National’s credibility problem

National’s tax cut figures have always felt rubbery.

Their calculations always seemed wooly.  And their headline figure, that an average household with kids would receive a $250 a fortnight tax cut always seemed to be optimistic.

Craig Rennie at the CTU has been performing sterling work on the issue.  He has crunched the figures and concluded that very, very few families would qualify.

His analysis was that for a family to receive this level of benefit it would have to be spending at least $300 per week on childcare and the family would have to be a two income family and each adult would have to be earning between $53,500 and $66,000.

Very few families have these features.  The estimate is that only 0.18% of families qualify.

The CTU provided the figures to Amelia Wade who sent them to Chris Bishop seeking a response so she could complete a story.

This is where it gets interesting.

Bishop decided to go all conspiratorial on it.

From a National Party press release:

“Today, the CTU has attempted to launch another attack on National’s tax relief plan.

[Snip]

The CTU ‘economist’, Craig Renney, was most recently advisor to Grant Robertson.

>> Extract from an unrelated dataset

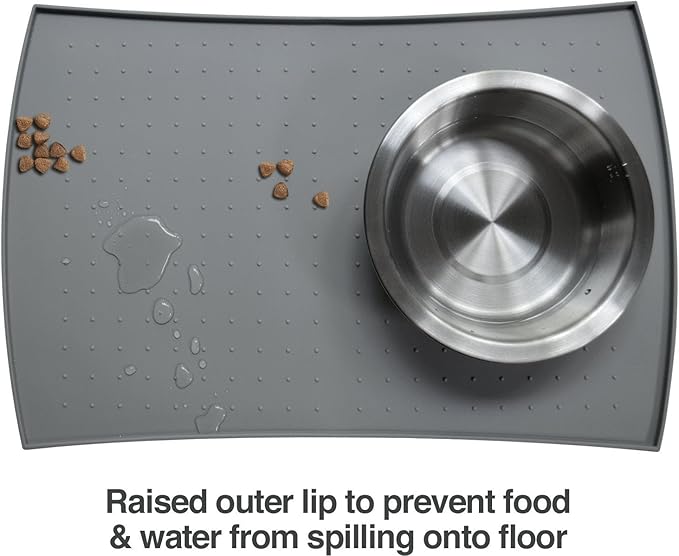 PetFusion Large Waterproof Pet Food Mat (24x16). FDA Grade Silicone [Superior Hygiene, Non-Toxic, Multiple Sizes] for Dogs or Cats, Gray (Pack of 2)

Rather than take responsibility for providing abysmal advice to his Minister that has driven high inflation and high interest rates or advocate for his members who would be better off under National’s tax relief plan, he is spending his days peddling nasty attacks on National.

Serious questions should be asked about the extent to which Labour is laundering attacks through the CTU and Capital Government Relations.

It seems there is no limit to how low Labour will go with their campaign of misinformation and gutter politics. But why anyone is taking them or the CTU seriously at this point is beyond me.”

Shock horror. Highly qualified PR professionals who know how to analyse and cost policies and who want to create a better world provide support to the trade union movement.

Bishop should address the substance of the CTU’s argument. It is telling that he refuses to do so but instead sees conspiracies.

Amelia Wade was not amused by Bishop’s use of the material.

A few hours later National changed tack and admitted that the figures were actually correct but if anyone had misunderstood it was their fault, not National’s. From Michael Neilsen at the Herald:

National leader Christopher Luxon says they knew just 3000 households – 0.18 per cent of the country – would get the full $250 a fortnight headline figure in their tax relief package, but claimed it wasn’t misleading to advertise it as going to the “average-income family”.

The crucial part was that the party had included the words “up to $250” in their tax package document, Luxon said.

The revelation came amid a day of campaigning dominated by strong accusations by both main parties over their tax plans.

Labour leader Chris Hipkins accused National of a “scam” as he pointed out multiple speeches, interviews and press releases where National had simply stated the average income family with children would get the full amount, with no “up to” mentioned.

“National will provide tax relief to working New Zealanders, with an average-income family with young children receiving $250 a fortnight under our plan,” said finance spokeswoman Nicola Willis in a September 21 press release.

Of course the publicity was deeply deceptive and arguably just short of an outright lie.  And Luxon’s and Willis’s clumsy presentations have converted what was deeply deceptive into a falsehood.

The basic lesson from all of this is that you cannot trust National.  Its flagship tax cut policy is in tatters.  It cannot justify some herculean assumptions about how much the new taxes will earn and the promised benefits have been well and truly overstated.